The war of 1914 – 1918 claimed the lives of thirty men from Adderbury. Each of these men is being commemorated throughout 2014 – 2018 by the bell-ringers of St. Mary’s Church by ringing a Quarter Peal on the centenary of each death. Of these thirty men, four were known to be members of Charlie Coleman’s Edwardian boys Morris side. The second of the Morris dancers to be lost was Private Harry Laurence Wallin of 1st Battalion, The Border Regiment, 87 Brigade, 29th Division, who was killed in action on 19 May 1917 in the fighting in the Somme. He was 23 and his body was never recovered.
The Adderbury Village Morris Men honoured these four men, none of them having a known grave, by visiting their memorials in 2008, the 90th anniversary of the ending of WW1. Harry’s name is engraved on bay 6 of the Arras Memorial. He was the son of John and Elizabeth Wallin of Adderbury.
We are again paying tribute to these past dancers by adding our own ceremony to the occasion of the bell-ringing. The Quarter Peal rung at 7:45pm on Friday 19 May 2017, so we met at the lych-gate in Morris kit at 7pm to remember Harry Wallin killed 100 years ago. We gathered in the churchyard where Peter Jordon planted a poppy cross in the Garden of Remembrance.

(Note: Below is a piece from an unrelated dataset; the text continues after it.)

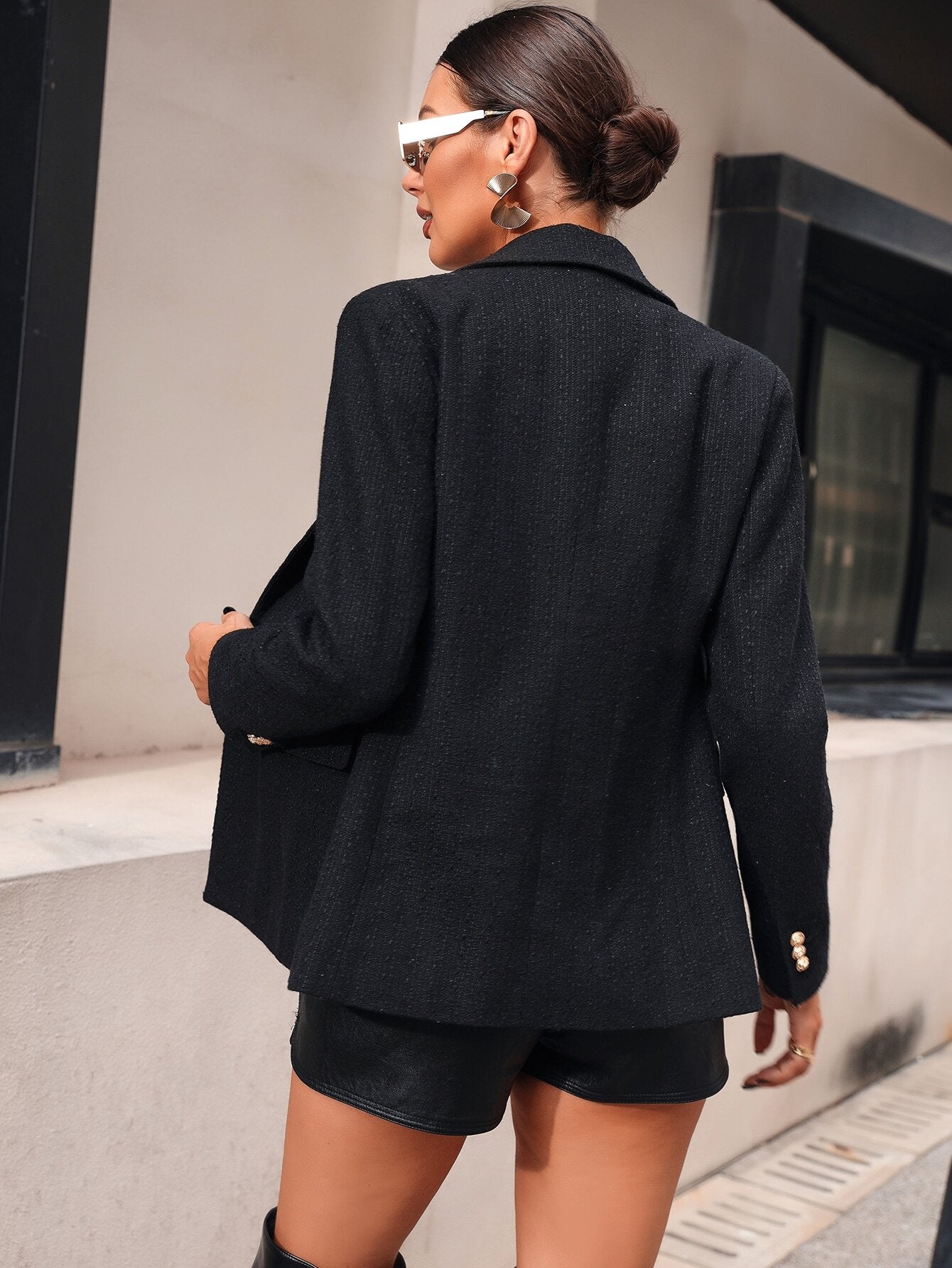 Blazer-Feminino-Alongado-Preto-Loline-04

Moving into church we then performed a modified repeat of the ceremony we held at Arras. The proceedings were led by the Squire, who is indebted to Bryan Sheppard for the use of the text from 2008. Jim Plester read the poem Aftermath by Siegfried Sassoon. The wreath provided by Edd Frost & Daughters Family Funeral Directors was laid by Past Squire David Reed below the war memorial in the South wall, followed by a pause for silent remembrance. Chris Garrett read the poem The Courier by Richard Shindell. The ceremony concluded with a celebration of the return of the Morris to the village through the efforts of Bryan Sheppard and Jim Plester amongst others, by us all singing The Happy Man.
Spirits were then lifted by a performance of the Shepherd’s Hey. This was preceded by the music once through on the instrument of the Trenches, the harmonica played by David Reed. The main musicians, Jim, John Wright and Malcolm took over for the six-man dance. Men present were Giles Brittin-Snell, John Ekers (Squire), Christopher Garrett, Christopher Holmes, Ryan Jamniuk, Peter Jordon, James Plester, David Reed, David Snell, Malcolm Wood and John Wright.
Afterwards we danced Sweet Jenny Jones, Lads a’Bunchum, Princess Royal and Brighton Camp in Mill Lane then as the sound of the half-muffled bells started the Quarter Peal we repaired appropriately to The Bell.